* _Problem statement_
Copy every line of the data exactly, keeping out any picture.

* _Data_
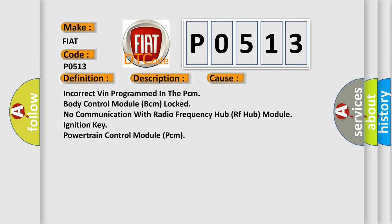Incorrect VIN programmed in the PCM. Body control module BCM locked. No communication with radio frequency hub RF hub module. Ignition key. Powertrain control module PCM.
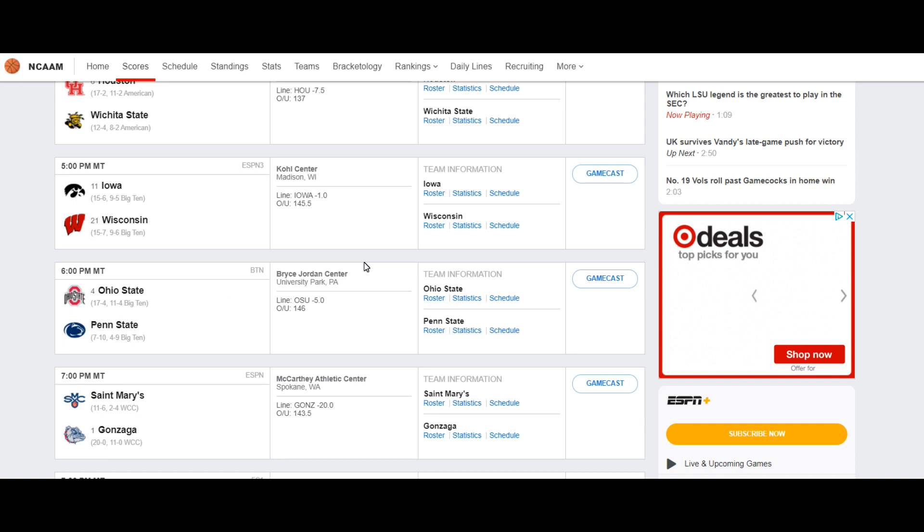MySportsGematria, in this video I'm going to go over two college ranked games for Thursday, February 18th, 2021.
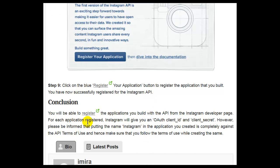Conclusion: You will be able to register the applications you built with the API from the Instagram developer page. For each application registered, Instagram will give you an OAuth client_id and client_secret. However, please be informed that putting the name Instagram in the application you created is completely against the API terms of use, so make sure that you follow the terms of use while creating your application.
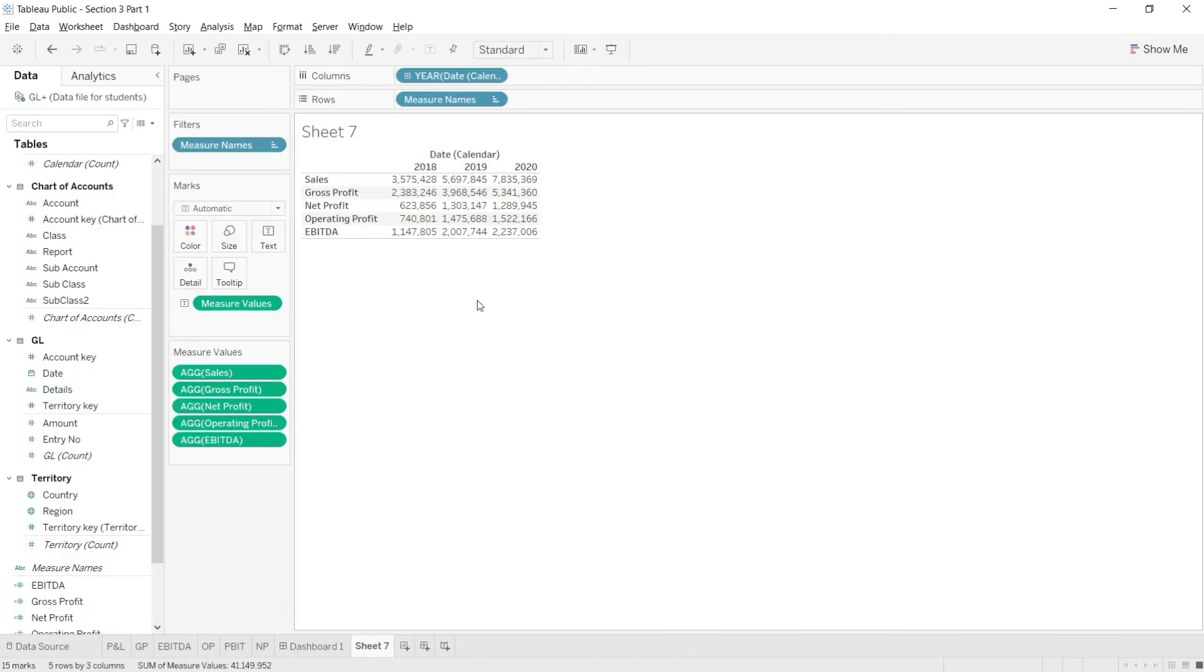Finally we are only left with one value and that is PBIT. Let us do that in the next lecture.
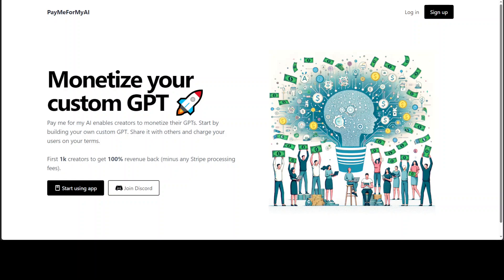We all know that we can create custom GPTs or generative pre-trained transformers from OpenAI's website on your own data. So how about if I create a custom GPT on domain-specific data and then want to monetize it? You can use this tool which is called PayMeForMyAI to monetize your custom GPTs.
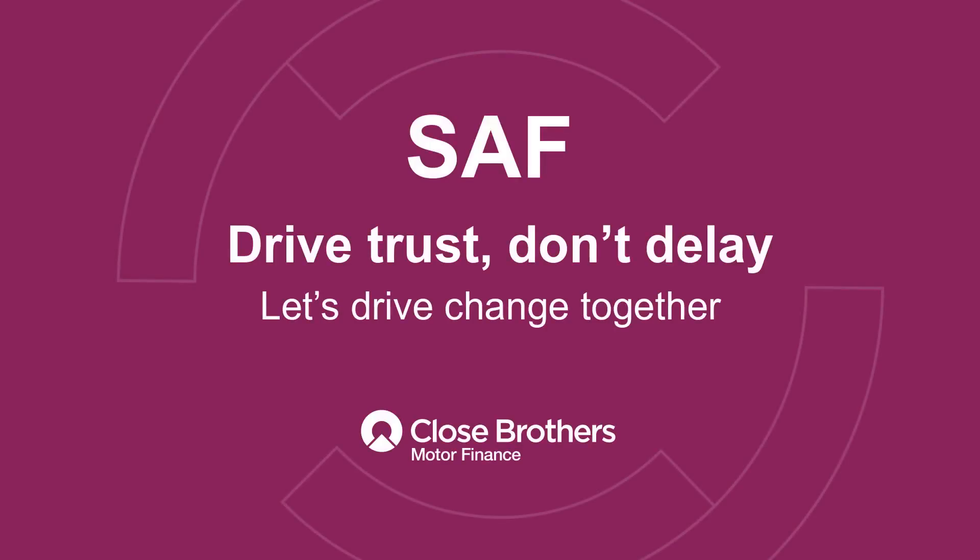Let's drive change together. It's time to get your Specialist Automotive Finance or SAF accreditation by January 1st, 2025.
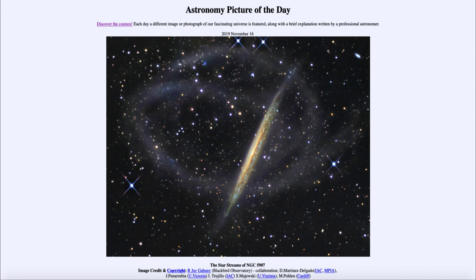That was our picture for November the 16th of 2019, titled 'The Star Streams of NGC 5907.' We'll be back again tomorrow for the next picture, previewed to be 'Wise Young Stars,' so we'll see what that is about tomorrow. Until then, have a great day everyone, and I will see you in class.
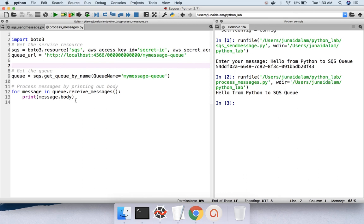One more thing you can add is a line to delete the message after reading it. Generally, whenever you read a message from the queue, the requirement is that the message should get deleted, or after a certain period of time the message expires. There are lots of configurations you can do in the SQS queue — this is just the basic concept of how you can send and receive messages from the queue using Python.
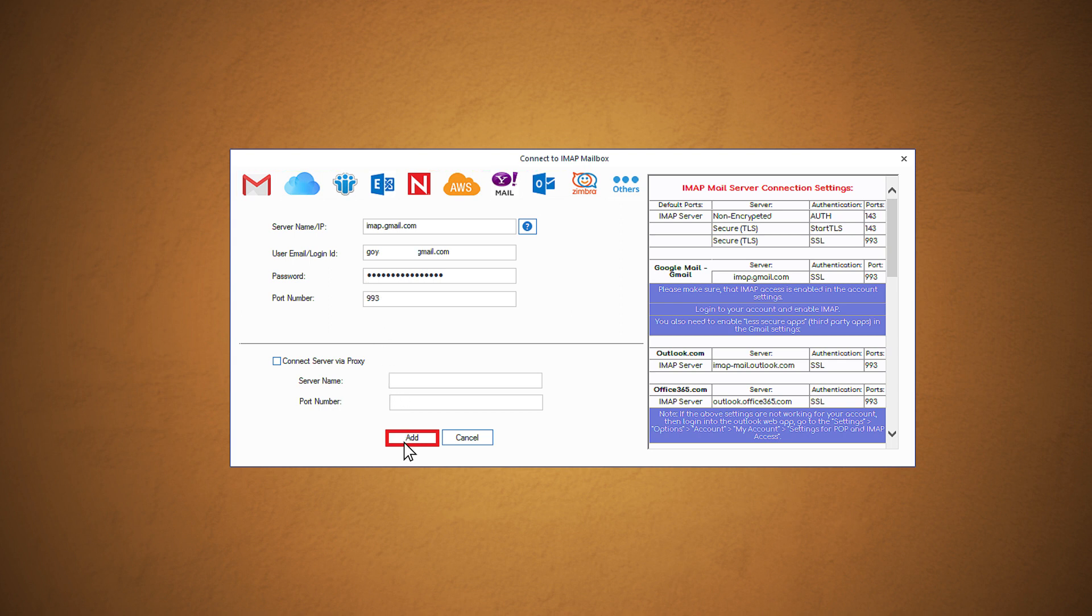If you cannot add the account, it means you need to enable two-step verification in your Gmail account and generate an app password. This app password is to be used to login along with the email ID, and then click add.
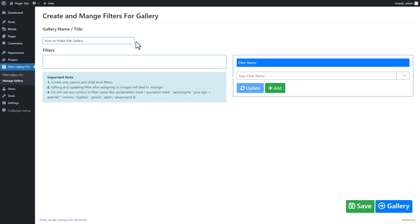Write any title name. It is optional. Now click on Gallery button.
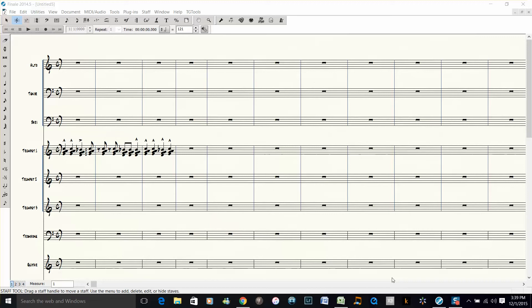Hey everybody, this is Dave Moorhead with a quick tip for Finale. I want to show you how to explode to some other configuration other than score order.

* _Reply to the exercise_
Incorrect VIN programmed in the PCM. Body control module BCM locked. No communication with radio frequency hub RF hub module. Ignition key. Powertrain control module PCM.
MySportsGematria, in this video I'm going to go over two college ranked games for Thursday, February 18th, 2021.
Conclusion: You will be able to register the applications you built with the API from the Instagram developer page. For each application registered, Instagram will give you an OAuth client_id and client_secret. However, please be informed that putting the name Instagram in the application you created is completely against the API terms of use, so make sure that you follow the terms of use while creating your application.
Finally we are only left with one value and that is PBIT. Let us do that in the next lecture.
We all know that we can create custom GPTs or generative pre-trained transformers from OpenAI's website on your own data. So how about if I create a custom GPT on domain-specific data and then want to monetize it? You can use this tool which is called PayMeForMyAI to monetize your custom GPTs.
Let's drive change together. It's time to get your Specialist Automotive Finance or SAF accreditation by January 1st, 2025.
That was our picture for November the 16th of 2019, titled 'The Star Streams of NGC 5907.' We'll be back again tomorrow for the next picture, previewed to be 'Wise Young Stars,' so we'll see what that is about tomorrow. Until then, have a great day everyone, and I will see you in class.
One more thing you can add is a line to delete the message after reading it. Generally, whenever you read a message from the queue, the requirement is that the message should get deleted, or after a certain period of time the message expires. There are lots of configurations you can do in the SQS queue — this is just the basic concept of how you can send and receive messages from the queue using Python.
If you cannot add the account, it means you need to enable two-step verification in your Gmail account and generate an app password. This app password is to be used to login along with the email ID, and then click add.
Write any title name. It is optional. Now click on Gallery button.
Hey everybody, this is Dave Moorhead with a quick tip for Finale. I want to show you how to explode to some other configuration other than score order.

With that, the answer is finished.